La espalda de la Segunda Señora era el Maestro Mayor, y la de la Tercera Señora era la Primera Señora.
Estaban en un punto muerto.
Su Xiaoxiao entró a la cocina a hacer bocadillos.
—Permiso —dijo Su Xiaoxiao al chef frente a la estufa.
El chef la miró.
Su Xiaoxiao agarró el cuchillo de cocina.
—¡El chef retrocedió un paso!
—Aunque se llamaba cocina pequeña, tenía dos estufas y cuatro ollas.
Su Xiaoxiao ocupó una estufa y le pidió a Xiaowu y a Su Ergou que trajeran los ingredientes.
Mientras las dos señoras discutían acaloradamente, Su Xiaoxiao sacó una tabla de cortar, espolvoreó algo de polvo sobre ella y comenzó a hacer bocadillos.
En la familia Qi, fue Su Xiaoxiao quien arrebató el negocio de Jin Ji.
Hoy, era alguien más quien le arrebataba su negocio.
Independientemente de si la Tercera Señora había obtenido el permiso de la Primera Señora o no, la Segunda Señora tenía una confianza sin igual cuando mencionó al Primer Maestro.
En tales circunstancias, solo había una solución: ¡la fuerza determinaría el resultado!

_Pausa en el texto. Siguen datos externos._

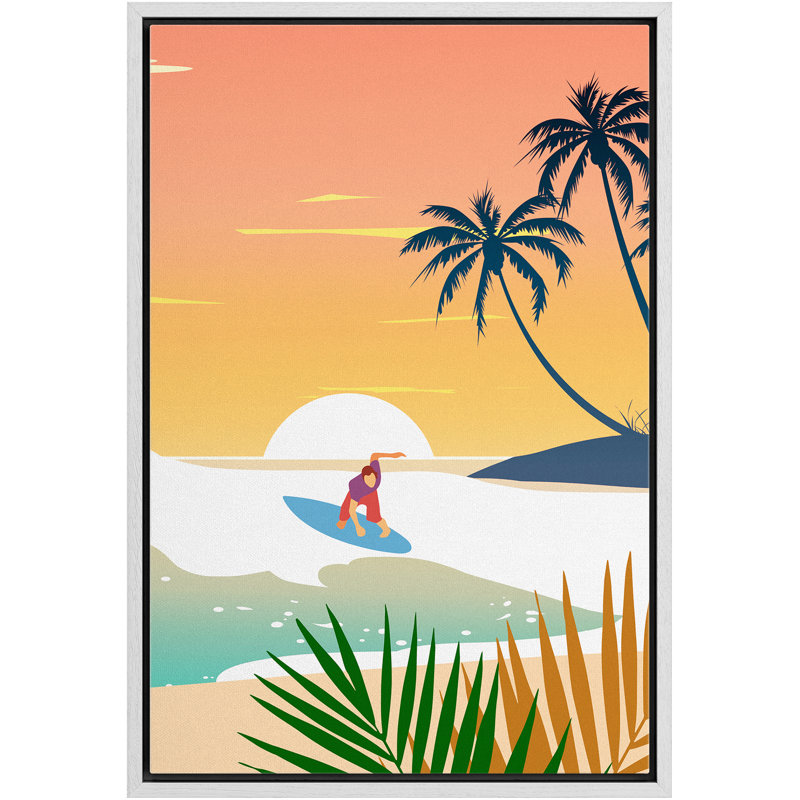 «Coastal Beach Surfing On The Waves At Sunset», reproduction sur toile flottante, H 24 po x l 16 po x P 1,5 po, Cadre blanc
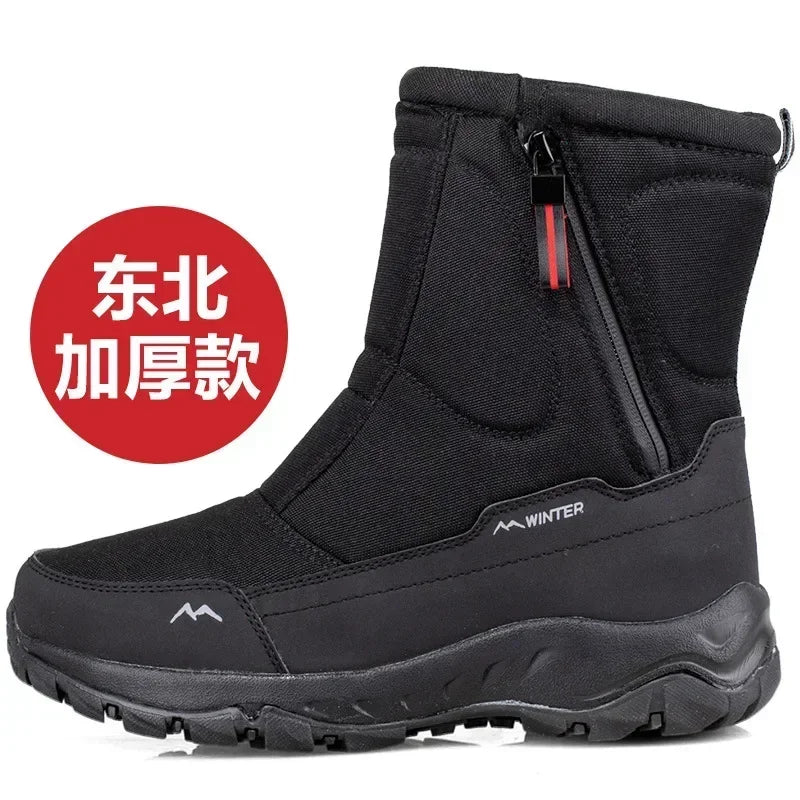 Botas de invierno para hombre, botas de nieve cálidas a media pantorrilla, zapatos cálidos para hombre, botas de invierno de felpa gruesas para hombre y mujer, zapatos de algodón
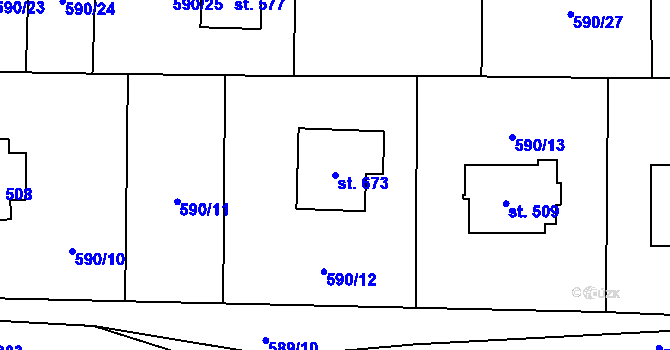 Parcela st. 673 v KÚ Havlovice, Katastrální mapa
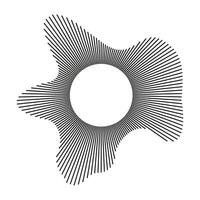 Circular wave, sound ring lines mockup. Radial frame layout. Wavy frame minimal pattern. Radial ray. Wavy design template. Equalizer logo radial spectrum. Voice flat symbol. Depicting audio music icon vector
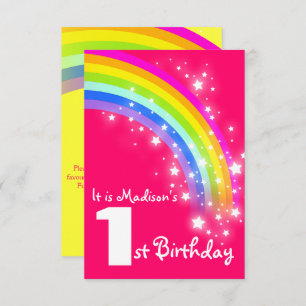 Invitation d'anniversaire d'arc-en-ciel pourpre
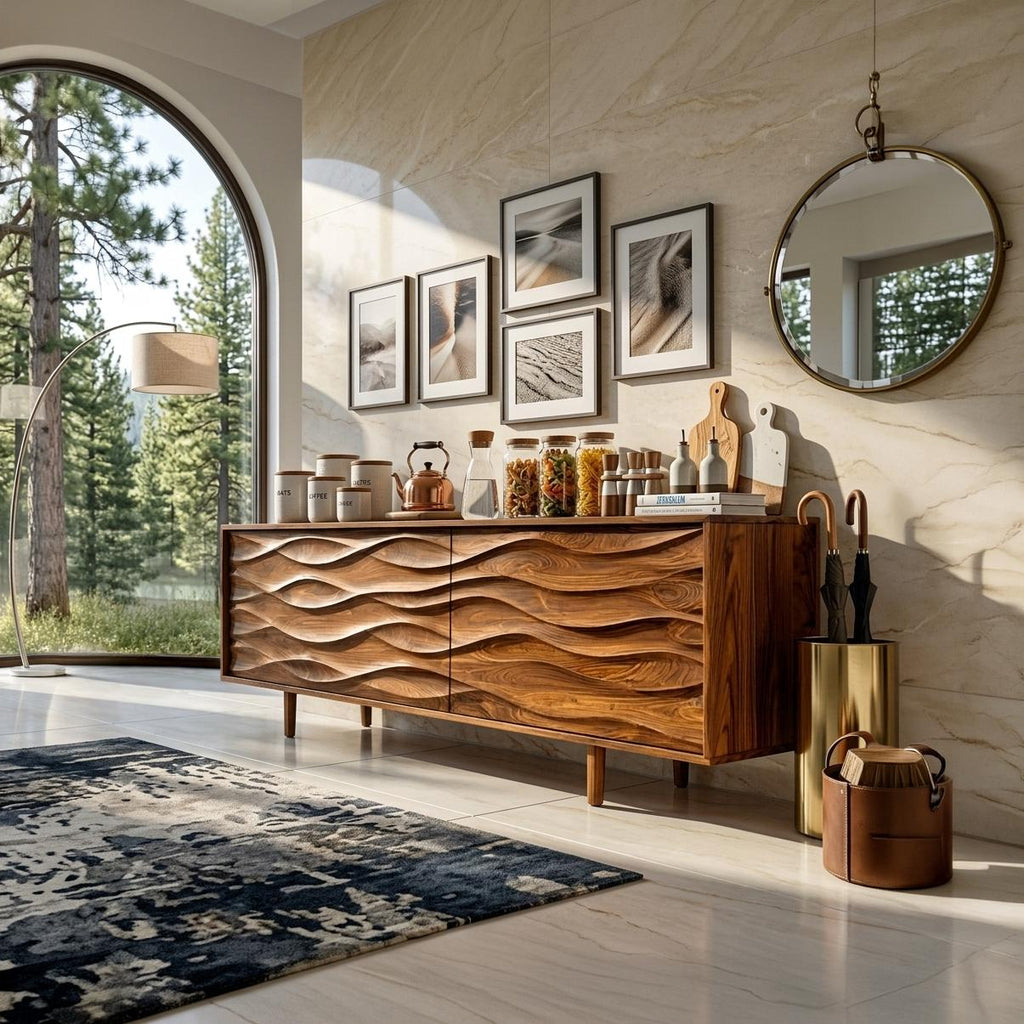 Contemporary Sideboard with Carved Wave Front Panels, Handcrafted Solid Wood Credenza Buffet Cabinet for Home, Model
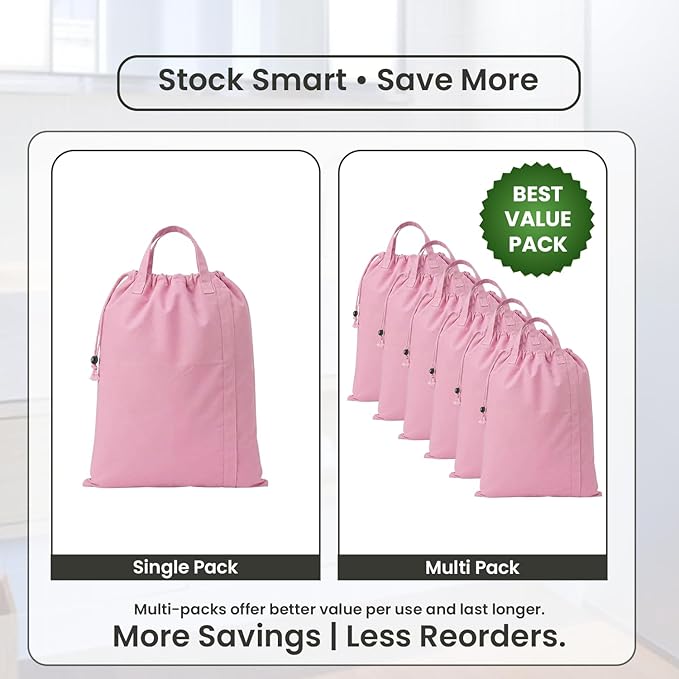 LFH Home Large Premium 1pack Cotton Canvas Laundry Bag with Drawstring and Handles Heavy Duty, Multi-Use, Washable for Home, Travel, College or Storage 28x40-Pink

Cuando los otros tres chefs vieron su cocina, se apresuraron a sacar sus ingredientes.
—Este tipo de situación…
es más bien rara —El Gerente Sun estaba avergonzado.
Él era el que dirigía el negocio.
Si realmente fracasaba, sería su responsabilidad.
—Está bien —dijo Su Xiaoxiao—.
Llevar un negocio se trataba de riesgo y beneficio.
Era normal que sucedieran eventos inesperados.
Lo más importante era mantener la calma.
—Sigh —Viendo que Su Xiaoxiao no lo culpaba, el Gerente Sun secretamente suspiró de alivio.
Al mismo tiempo, también estaba un poco contento.
La niña era joven y de mente abierta.
Podía hacer grandes cosas.
Las dos señoras lucharon hasta el final, pero los chefs no discutieron.
En cambio, los bocadillos de ambos lados estaban fuera del horno.
El maestro contratado por la Segunda Señora hizo pasteles de guisantes amarillos y de osmanto.
Estos eran dos pasteles de la capital, y la mayoría de los que se vendían en la ciudad de la prefectura no eran auténticos.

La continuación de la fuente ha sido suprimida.